En réalité, je ne suis pas certain de savoir ce qui m'a le plus perturbé : le fait d'avoir face à moi une personne qui n'est pas ce qu'elle paraît être, une personne transexuelle dont le secret se trouve soudain éventé ? où le fait de me sentir mal du fait même de me poser ce genre de question ?
Après y avoir bien réfléchi, je crois bien que c'est ça qui m'a le plus dérangé : d'avoir à m'interroger sur l'identité d'une personne en raison de l'image sociale qu'elle projette, c'est à dire, pour employer une expression à la mode, d'avoir à m'interroger sur l'identité d'une personne en raison de son genre.
Car si l'on ne m'avait pas dit que cette personne était transsexuelle, non seulement je n'aurais rien remarqué, mais en outre je ne crois pas qu'il me serait venu à l'esprit de remettre en cause ce que me dictaient les apparences, lesquelles satifsaisaient sans la moindre vaguelette aux conventions du jeu social.
Et c'est à ce point de mon cheminement que la balle m'est revenue en pleine poire d'une manière spectaculaire.
Nous autres, les gays, qui avons milité et militons encore pour que notre orientation sexuelle ne soit pas un critère discriminant ni discriminatoire de quelque façon que ce soit, je me trouvais dans la situation - je n'irai pas jusqu'à dire juger, mais au moins de considérer, ou plus exactement de me sentir mal à l'aise face à quelqu'un pour exactement les mêmes motifs que ce contre lesquels je me bats. Parce que oui, je fais partie de ceux qui considèrent qu'un homme ce n'est pas d'abord un pénis, ni qu'une femme puisse être réductible à un vagin, ni une personne puisse être réductible à son orientation sexuelle. Et me voilà en train de me poser mille questions et de ressentir un je-ne-sais-quoi de profondément malaisant parce que la personne en face de moi n'est pas du sexe qu'elle prétent être...

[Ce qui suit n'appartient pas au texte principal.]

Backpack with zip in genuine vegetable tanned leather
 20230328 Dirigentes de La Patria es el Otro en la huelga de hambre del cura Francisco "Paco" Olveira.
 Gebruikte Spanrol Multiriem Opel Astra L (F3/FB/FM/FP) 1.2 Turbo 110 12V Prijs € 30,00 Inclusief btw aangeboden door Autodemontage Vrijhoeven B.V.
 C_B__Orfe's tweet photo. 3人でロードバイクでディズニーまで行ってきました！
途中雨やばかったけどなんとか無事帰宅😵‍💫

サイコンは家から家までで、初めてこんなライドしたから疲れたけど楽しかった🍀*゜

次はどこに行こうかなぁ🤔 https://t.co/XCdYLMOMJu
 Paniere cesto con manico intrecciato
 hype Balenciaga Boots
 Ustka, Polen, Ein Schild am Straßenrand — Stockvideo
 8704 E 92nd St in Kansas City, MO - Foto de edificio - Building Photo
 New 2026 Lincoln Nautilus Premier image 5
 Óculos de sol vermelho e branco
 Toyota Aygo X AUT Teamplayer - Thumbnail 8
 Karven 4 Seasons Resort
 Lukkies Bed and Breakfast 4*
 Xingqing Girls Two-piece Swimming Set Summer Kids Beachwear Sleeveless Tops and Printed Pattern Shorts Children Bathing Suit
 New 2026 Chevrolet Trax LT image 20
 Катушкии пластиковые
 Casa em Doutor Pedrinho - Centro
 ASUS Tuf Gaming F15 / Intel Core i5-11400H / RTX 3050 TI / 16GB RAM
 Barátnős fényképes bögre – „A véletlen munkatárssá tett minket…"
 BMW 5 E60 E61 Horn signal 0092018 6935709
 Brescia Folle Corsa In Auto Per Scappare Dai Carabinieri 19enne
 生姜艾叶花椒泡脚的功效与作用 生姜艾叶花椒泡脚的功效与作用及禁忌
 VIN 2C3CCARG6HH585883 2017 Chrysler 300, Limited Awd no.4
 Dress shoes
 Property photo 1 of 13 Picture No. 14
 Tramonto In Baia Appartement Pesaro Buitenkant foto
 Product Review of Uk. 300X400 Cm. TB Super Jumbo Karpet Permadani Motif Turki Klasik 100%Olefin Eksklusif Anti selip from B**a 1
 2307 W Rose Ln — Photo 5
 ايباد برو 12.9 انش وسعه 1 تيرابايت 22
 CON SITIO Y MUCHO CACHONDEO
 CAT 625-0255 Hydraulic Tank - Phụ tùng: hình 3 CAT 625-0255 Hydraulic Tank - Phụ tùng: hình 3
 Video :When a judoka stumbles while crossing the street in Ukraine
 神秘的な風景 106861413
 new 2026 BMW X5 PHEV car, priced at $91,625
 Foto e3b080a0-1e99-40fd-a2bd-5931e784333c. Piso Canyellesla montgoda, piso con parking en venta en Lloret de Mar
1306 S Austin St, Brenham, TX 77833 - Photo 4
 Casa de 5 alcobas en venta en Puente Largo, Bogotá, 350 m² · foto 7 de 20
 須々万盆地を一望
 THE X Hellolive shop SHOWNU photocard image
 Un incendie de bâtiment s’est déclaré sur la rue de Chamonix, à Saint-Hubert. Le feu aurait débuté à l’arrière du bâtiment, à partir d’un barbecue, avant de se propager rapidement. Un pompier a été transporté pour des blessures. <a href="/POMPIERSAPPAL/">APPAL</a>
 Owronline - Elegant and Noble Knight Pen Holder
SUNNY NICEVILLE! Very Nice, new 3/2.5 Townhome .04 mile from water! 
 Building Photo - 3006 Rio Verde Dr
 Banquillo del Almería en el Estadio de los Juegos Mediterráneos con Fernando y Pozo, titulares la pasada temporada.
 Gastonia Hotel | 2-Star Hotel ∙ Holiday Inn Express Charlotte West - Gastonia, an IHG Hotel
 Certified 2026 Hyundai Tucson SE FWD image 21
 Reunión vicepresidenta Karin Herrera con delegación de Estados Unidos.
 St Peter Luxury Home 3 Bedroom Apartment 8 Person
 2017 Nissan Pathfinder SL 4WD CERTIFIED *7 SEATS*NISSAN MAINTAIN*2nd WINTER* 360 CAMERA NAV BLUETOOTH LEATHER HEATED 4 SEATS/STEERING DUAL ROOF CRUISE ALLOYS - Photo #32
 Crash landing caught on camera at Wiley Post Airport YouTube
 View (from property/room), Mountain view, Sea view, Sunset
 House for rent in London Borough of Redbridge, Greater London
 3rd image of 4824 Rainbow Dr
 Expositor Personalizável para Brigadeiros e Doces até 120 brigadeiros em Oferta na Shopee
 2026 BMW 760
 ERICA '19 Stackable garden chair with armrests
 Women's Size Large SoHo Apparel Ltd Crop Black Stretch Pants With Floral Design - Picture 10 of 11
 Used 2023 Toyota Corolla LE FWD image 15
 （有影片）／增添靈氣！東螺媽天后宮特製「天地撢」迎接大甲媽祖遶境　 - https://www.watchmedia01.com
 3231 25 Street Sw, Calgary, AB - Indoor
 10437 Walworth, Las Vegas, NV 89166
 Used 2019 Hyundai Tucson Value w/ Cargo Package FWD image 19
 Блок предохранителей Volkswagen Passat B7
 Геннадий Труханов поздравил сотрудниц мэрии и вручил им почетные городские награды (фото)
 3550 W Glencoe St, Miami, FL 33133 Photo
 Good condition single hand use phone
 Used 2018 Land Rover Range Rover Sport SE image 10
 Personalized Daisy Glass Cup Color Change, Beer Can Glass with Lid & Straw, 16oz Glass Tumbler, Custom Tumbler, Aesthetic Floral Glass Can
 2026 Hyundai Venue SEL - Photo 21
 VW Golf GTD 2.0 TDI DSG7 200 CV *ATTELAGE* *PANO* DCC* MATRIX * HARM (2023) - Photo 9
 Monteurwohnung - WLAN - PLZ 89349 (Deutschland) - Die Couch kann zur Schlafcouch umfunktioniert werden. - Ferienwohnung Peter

Bam, prends toi ça dans la gueule.
Qui plus est, la situation de malaise était accentué par l'âge de cette madame. Entre 65 et 70 ans comme je l'ai déjà dit. Si aujourd'hui les choses se sont améliorées, je ne suis pas sûr que ce qu'a traversé cette dame pour en arriver là où elle en est maintenant, mérite un sourire sarcastique ou une messe basse moqueuse. Elle a probablement fait partie celles qui en vu des vertes et des pas mûres, qui en ont probablement chié comme personne, au-delà de l'immaginable, pour réussir à assumer ce qu'elle est, par-delà les apparences.
Oui j'ai été troublé mais aussi ému. J'aurais bien aimé lui parler, à cette dame, pour qu'elle me raconte. Et moi je me rends compte que j'ai encore beaucoup de progrès à faire en matière de tolérance.